SOURCE RECORDS:
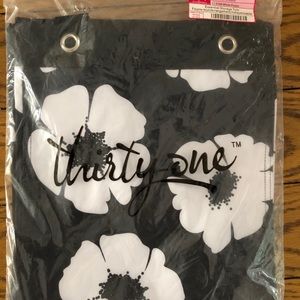 Thirty one Essential Storage tote White Poppy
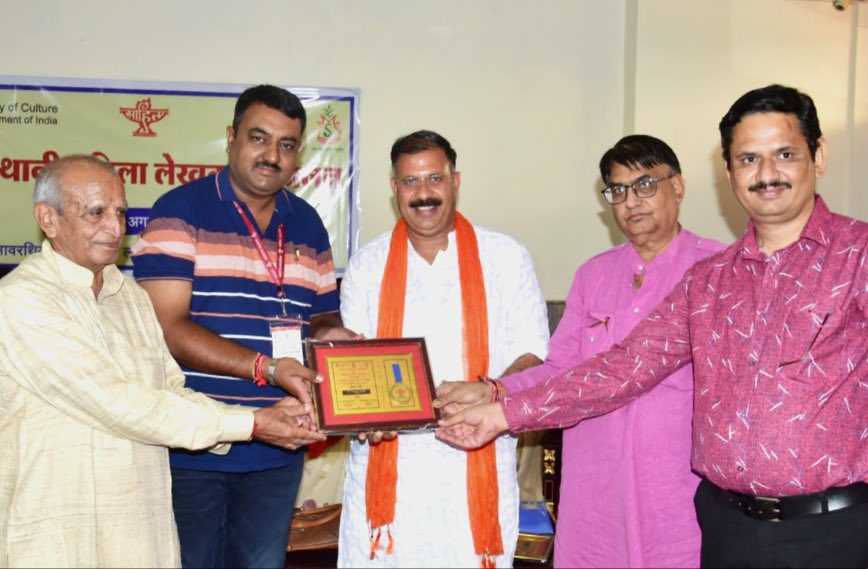 भारत सरकार की केन्द्रीय साहित्य अकादमी नई दिल्ली और मरूदेश संस्थान सुजानगढ के तत्वावधान में सावरथिया सेवा सदन में आयोजित एक भव्य समारोह में मुझे सामाजिक सेवाओं के लिए सम्मानित किया गया। मैं आयोजकों के प्रति आभारी हूँ।<a href="/DrGhanshyamNath/">Dr.Ghanshyam Nath Kachhawa</a>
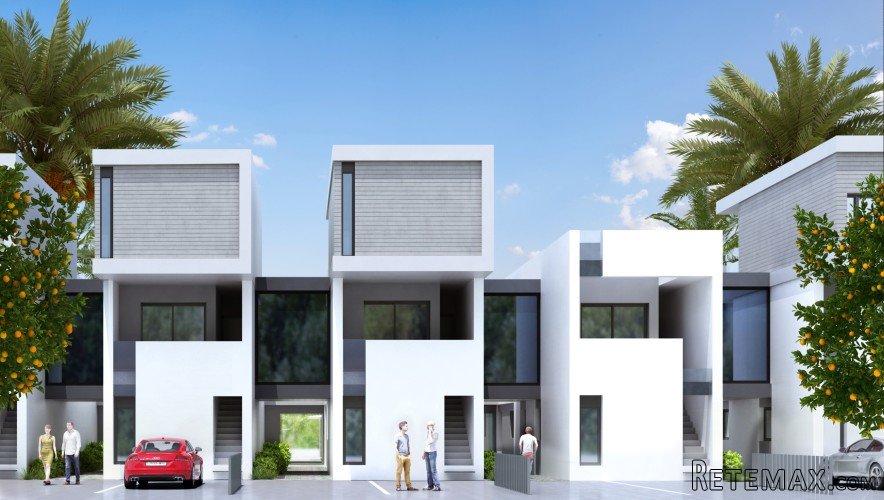 At only 500 meters from the sandy beach of Torre de la..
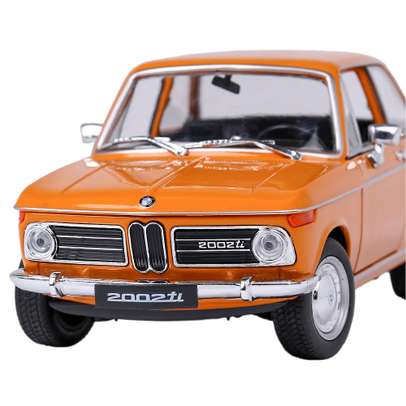 BMW 2002 Ti 1974, macheta auto scara 1:24, portocaliu, window box, Welly
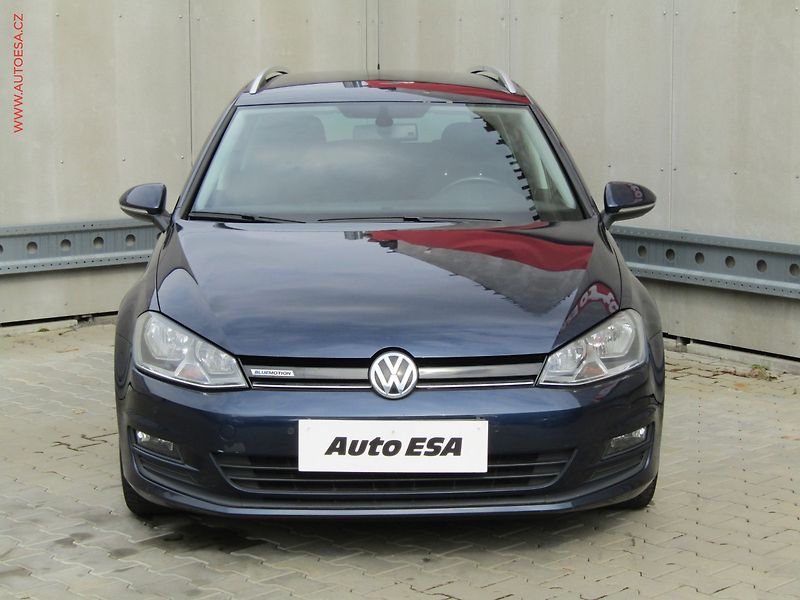 Volkswagen Golf (2016) 1.0 TSi, Navi - fotka 2 z 20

ACTION ITEM:
Reproduce, with the pictures omitted, exactly those lines that run from the line with "At only 500" to the last line of the material, both ends included.

WRITTEN ANSWER:
 At only 500 meters from the sandy beach of Torre de la..
 BMW 2002 Ti 1974, macheta auto scara 1:24, portocaliu, window box, Welly
 Volkswagen Golf (2016) 1.0 TSi, Navi - fotka 2 z 20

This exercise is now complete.